Last month, ethanol from algae was the shooting star that lit up the media and enthralled the public.
Unfortunately, at $15 to $25 per gallon, ethanol from algae has a long way to go before being competitive with gasoline.
Earlier, the hype was about diesel fuel from Jatropha and palm trees.
Unfortunately, it turned out that Jatropha needed large quantities of water to produce small quantities of diesel fuel, while palm oil caused forests to be decimated to make room for palm trees.
Then there is ethanol from corn which has been an economic disaster for tax payers because of large subsidies, combined with higher food prices caused by using a food crop for fuel. And, there is also the moral issue.
Against this backdrop of shooting stars, was the successful production of ethanol from sugarcane in Brazil. It was effective at the time it was introduced because of Brazil’s shortage of oil, but as Brazil develops its newly discovered huge oil reserves, time will tell whether ethanol from sugarcane remains popular.
This month, we had the latest shooting star streaking across the firmament: Ethanol from seaweed.
A new process developed by BioArchitecture Lab., Inc. (BAL) and the University of Washington in Seattle can produce ethanol from kombu, a widely available seaweed. The secret, as it were, is a new E. coli bacterium that can turn the sugars in edible kelp (kombu) into ethanol.
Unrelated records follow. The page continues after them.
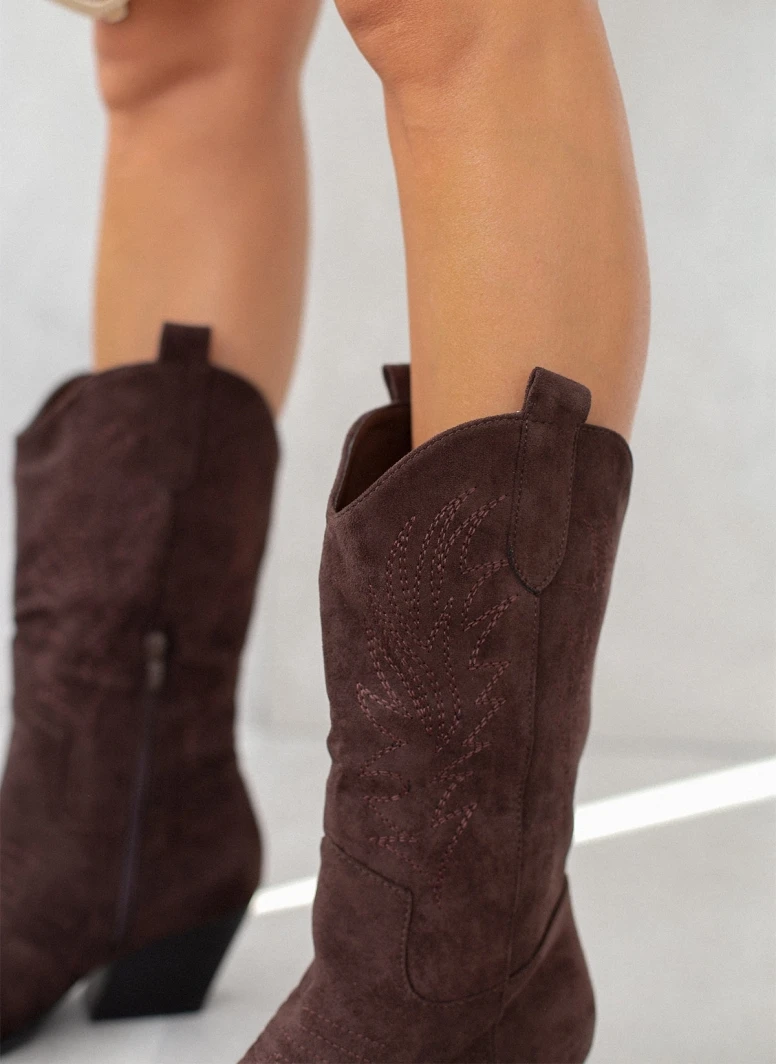 TFP Μποτάκια Cowboy Suede με σχέδιο - Καφέ 9 TFP Μποτάκια Cowboy Suede με σχέδιο - Καφέ - Image 9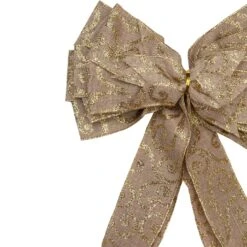 Northlight 48" X 10" Burlap And Gold Scroll 16 Loop Christmas Bow Decoration Brown -Northlight 2306357947677951200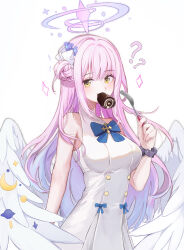 Rule 34 | 1girl, ?, absurdres, bare shoulders, blue archive, bow, bowtie, breasts, cake, dana (hapong07), eating, food, fork, gradient hair, hair bun, hair ornament, halo, hand up, highres, holding, holding fork, medium breasts, mika (blue archive), mouth hold, multicolored hair, pink hair, revision, shirt, sidelocks, single side bun, sleeveless, sleeveless shirt, solo, sparkle, swiss roll, upper body, white shirt, yellow eyes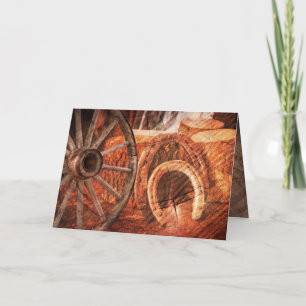 Cartes Pour Fêtes Annuelles Roue Rustique Wagon Horseshoes Western Style Holid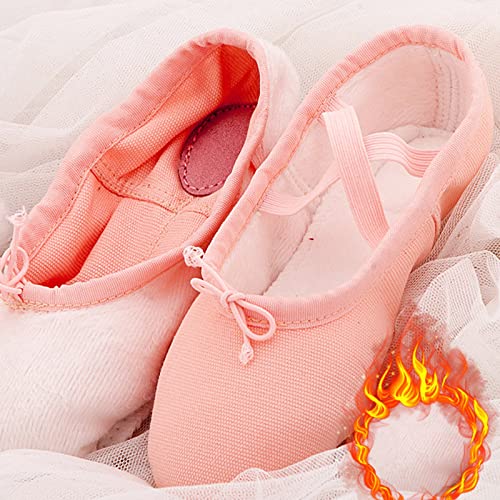Toddler Ballet Shoes, Soft Leather Ballet Slippers, Ethnic No-Tie Ballet Shoes Dance Yoga Shoes for Big Girls2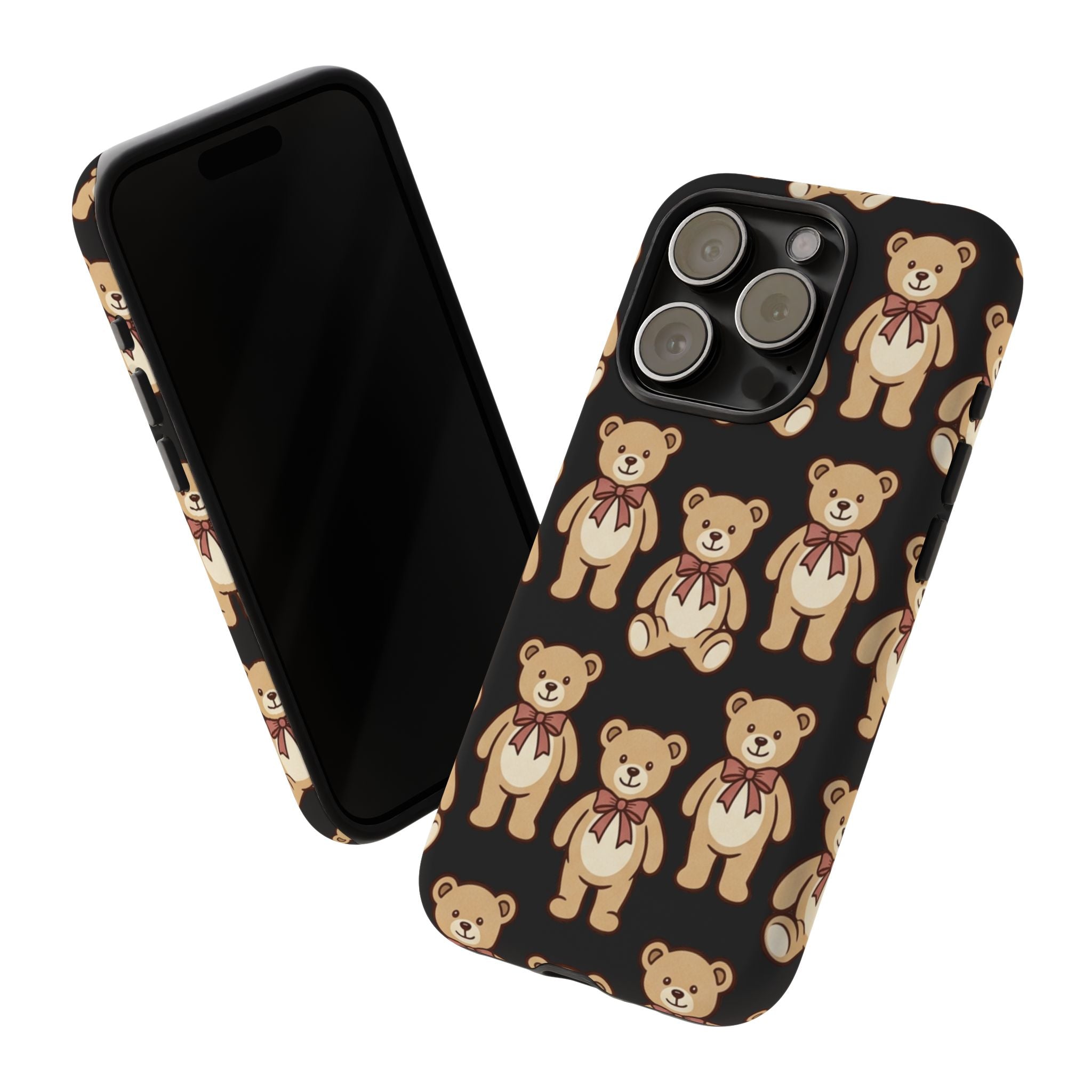 Teddy Bear Pattern Phone Case — Cute Vintage Ribbon Bears on Black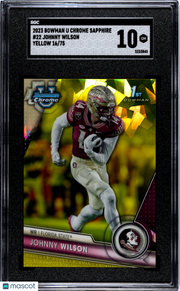 2023 Bowman U Chrome Sapphire Johnny Wilson Yellow /75 Rookie #22 SGC 10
Supposedly, the new E. coli will not harm the environment when it is introduced into the ocean to mix with kombu.
As we are all aware, some strains of E. coli can cause serious food poisoning so there needs to be certainty about the safety of the modified E. coli before it is released into the environment.
Pacific Northwest National Laboratory indicates that the United States could produce enough ethanol from kombu to replace 1% of the nation’s gasoline usage by using 1% of the nation’s territorial waters to produce ethanol from Kombu.
The corollary to this is that it would require using 100% of our territorial waters to replace all the gasoline we use with ethanol from seaweed. Since that’s obviously impossible, ethanol from seaweed can never significantly reduce our use of gasoline.
There is no information about the cost of ethanol from Kombu, so that part of the equation is still unknown.
There is, of course, the question of why we would make the effort to produce ethanol from kombu when we have enough oil in North America to supply all our needs for decades.
If it turns out that ethanol from kombu is financially viable, it could be used by countries, such as the Philippines, where there is a shortage of oil resources and an abundance of territorial waters in which to grow kombu.
For us, it’s probably another shooting star, or will of the wisp, that’s talked about as the new alternative to oil, but that will never have any real effect on our energy usage.